Who raised a man like that? He thought of Kiki Mercier and her adoration for her favorite child. Had she ever told him no? Had she ever taught him how to treat a lady? How to value other people? She had taught him that the sun rose and set on him, and that he could do no wrong.

Marc had no doubt found out—out in the real world, away from his past—that he might be able to get by on his looks and his charm to a certain extent, but that people who didn’t have that frame of reference of Marc the Star Quarterback would have a different view of him, expect more from him, be less impressed by who he had once been. And what did that do to a man when he realized he had no substance, that he was just a fraud trying to skate through life on the thinnest ice of superficiality?

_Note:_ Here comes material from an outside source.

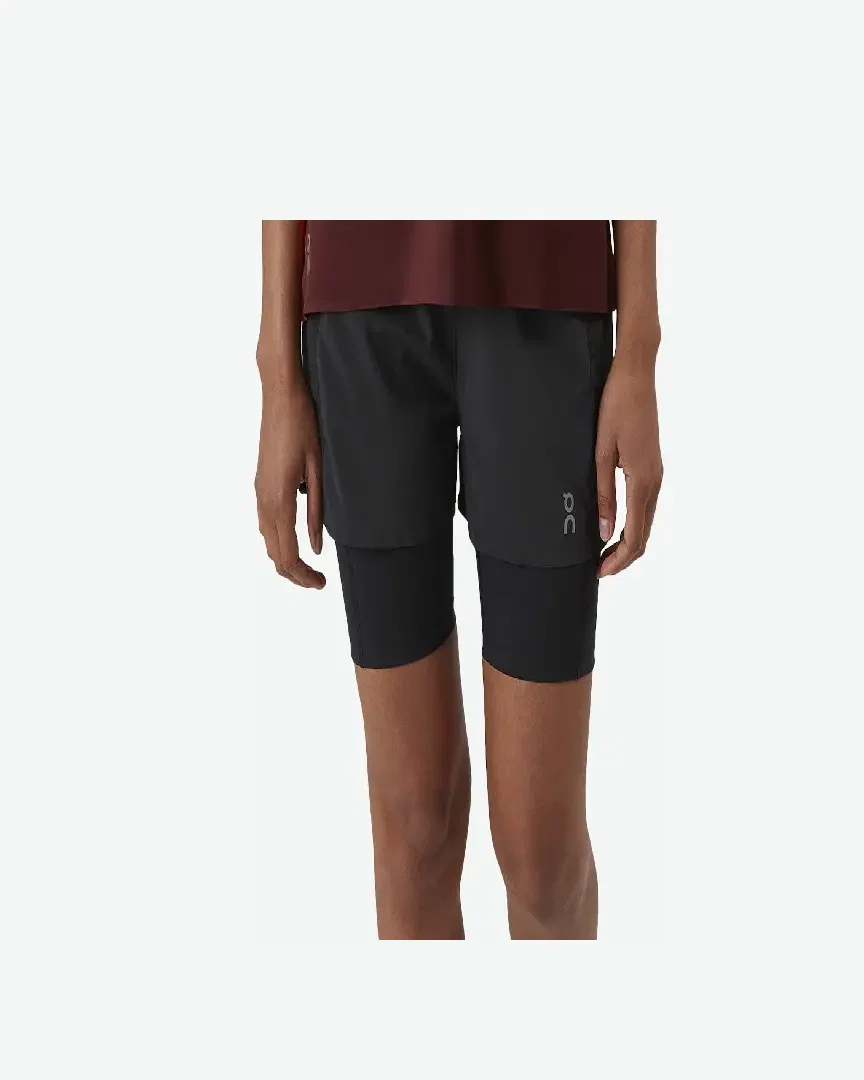 Shorts Activos Cortos Running W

People were always saying what a great guy Marc was because again and again he stepped in when necessary to save the day. But now Nick wondered at his motives. Was he really a hero, or was he just addicted to the adoration of the people who saw him that way?

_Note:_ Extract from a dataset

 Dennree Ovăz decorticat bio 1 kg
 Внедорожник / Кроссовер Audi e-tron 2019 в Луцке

At one point in the video, Luc Mercier entered the picture. Luc, who had never once mentioned going to Goal Post or that Marc had.He walked up to Marc’s booth with a beer in hand and a scowl on his face. Angry words were exchanged. And there was the reason he had lied, Nick thought. He hadn’t wanted to put himself in a bar having an argument with his brother, who had disappeared shortly after.

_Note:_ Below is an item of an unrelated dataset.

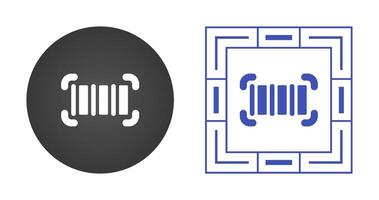 QR Code Vector Icon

Dozer got up and left. Luc walked away. Marc downed his beer, then revved up the million-watt smile again and reimmersed himself in his pack of acolytes.

What had that conversation been about? Serious, contentious. The brothers had exchanged blows earlier in the day, then exchanged words that night. Nick had a hard time believing that was nothing but a disagreement over business practices—unless those practices were far outside the norm.

He kept wanting to go to the copper theft theory because that was simple and plausible. Junk dealers buying and selling stolen goods. But he had yet to find any evidence or hear anything about the Mercier brothers linking them to illegal activity.

What else would they have been so at odds about? Was it just the oil-and-water combination of a favored son and the family workhorse? Twenty-some years of jealousy and resentment coming to a head? Luc wanted his life back and his baby brother gone, but as Nick watched Marc bask in the glow of adoration, it seemed he had no intention of leaving.

Nick watched the video from that particular camera until Marc said his goodbyes, hugged half a dozen people, and headed down the hallway toward the back exit. He switched then to the exterior camera view from the back entrance and fast-forwarded to the correlating time stamp.

Marc came out the back door, heading to the area where bar employees parked. Nick scanned the first row of vehicles, looking for but not finding Marc’s Ford Raptor truck. He could only see the first of two rows of parking, but he knew from driving around the building that this area backed up to a retaining wall where the garbage dumpsters were parked. If Marc had parked to one side of thelot, he would be able to exit without Nick seeing him. If he had parked closer to the other end of the lot, he would have to drive out right in front of the camera.

He waited impatiently for the Raptor to come around, but it never did. The only car to drive around the end of the parking area and past the security camera was a blue Toyota Corolla with some years on it.

Robbie Fontenot’s car.

What. The. Hell?

Nick backed the video up and watched again. The car had no front license plate. Louisiana did not require such. But he froze the video as the car passed, trying to get a look at the rear plate. He jotted what he could see of the number on a Post-it from a pad on the desk, took a picture of the Post-it with his phone, and tossed the note in the trash.

He sat back and swiveled the desk chair. What the actual hell?

He ran the video back and watched it again. It was impossible to see into the car, impossible to see the driver or if there was a passenger. He couldn’t see Marc Mercier in the vehicle, but if he wasn’t, then where the hell had he gone? And if he was, what did that mean? Why would he be driving around in Robbie Fontenot’s vehicle?

His phone pinged the arrival of a text from Annie.

Your DB is Cody Parcelle. Suspect in custody. Details later.